I immediately made an appointment to view, and found that the owners – a scientist at Sussex University and his wife – were pleasant and reasonable. The inside of the house was as satisfactory as the outside, the whole property looked owl-friendly, and – hallelujah! – the long living room even had an open, working fireplace. The asking price was realistic; it was at the top end of my range, but manageable. I found a buyer for my flat without difficulty; then all three corners of the deal entered that unavoidable limbo period during which solicitors and mortgage-brokers torture everyone concerned until you are all on the screaming edge of a nervous breakdown. Eventually, all the contracts were exchanged and money changed hands.

I had a couple of weeks’ grace between the previous owners’ moving out and my moving in, so I could make several car journeys with much of my more awkward gear before the final trip with the removal van. I also got my brother and brother-in-law to meet me there one weekend and help me construct Mumble’s new country quarters. In a leafy corner at the bottom of the garden Dick, Peter and I built a sturdy timber and Twillweld aviary rather larger than my own bedroom in the flat, complete with a box hutch in the most private corner, and a generous selection of perches giving good views in all directions (a couple of years later I would extend it by an extra yard or so). I met my new next-door neighbours, and warned them about my
housemate. They seemed pleasantly intrigued rather than suspicious, and I looked forward to leaving the jurisdiction of Attila the Caretaker for ever.

The notebooks remind me that it was on the morning of 21 August 1981 that the removal van drove off, and I took a final look around the bare, dusty flat with Mumble on my shoulder.
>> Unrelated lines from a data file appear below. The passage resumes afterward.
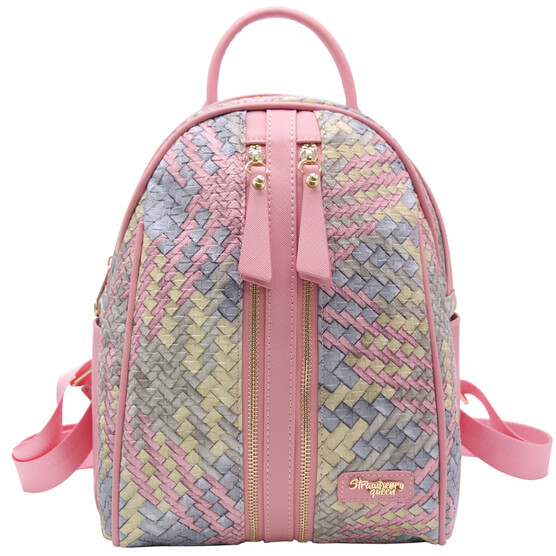 CANDY BACKPACK - RATTAN AG, PASTEL PINK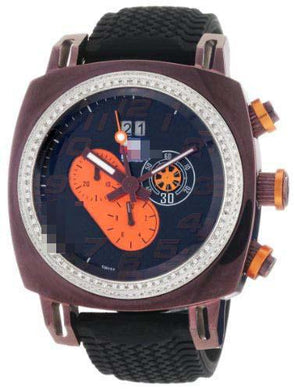 Custom Watch Dial D221/2-BRN-ORANGE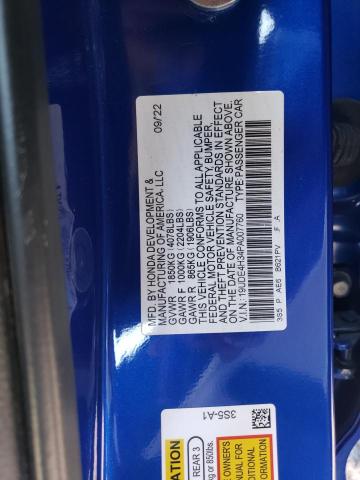 19UDE4H34PA007760 Acura Integra A-spec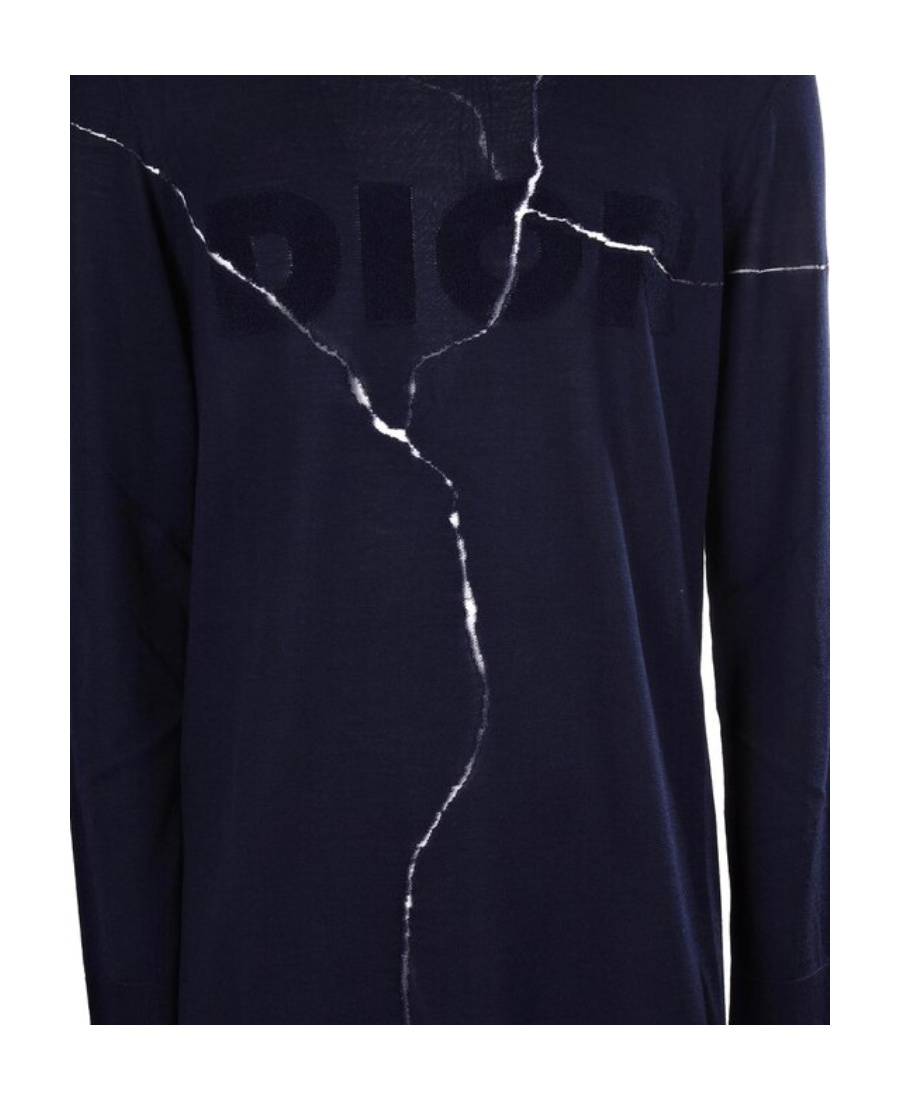 Dior Knitted Pullover In Black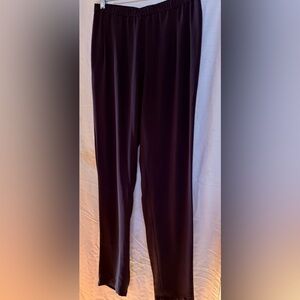 Eileen Fisher XS/S 100% silk navy pull on pants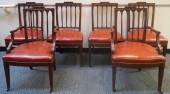 SET OF SIX GEORGE III STYLE MA
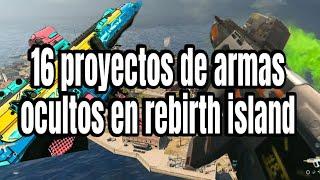 Localización exacta de 16 proyectos de armas en rebirth island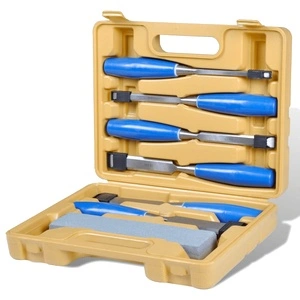 Комплект 6 броя длета за дърво и камък за заточване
I had lived there for about fifteen years; it held plenty of good memories, and the big, high, sunny view through the window-wall was as alluring as ever. Well, time to go; I opened the basket for Mumble, and she obediently hopped in. On the way down in the lift I perversely hoped that we would run into the caretaker, so that I could smugly reveal who had been living with me for the past three years, but we didn’t. We pulled out of the basement garage for the last time, and as we reached the open road across the old airfield Mumble made herself comfortable on the back of my seat, looking around her with interest.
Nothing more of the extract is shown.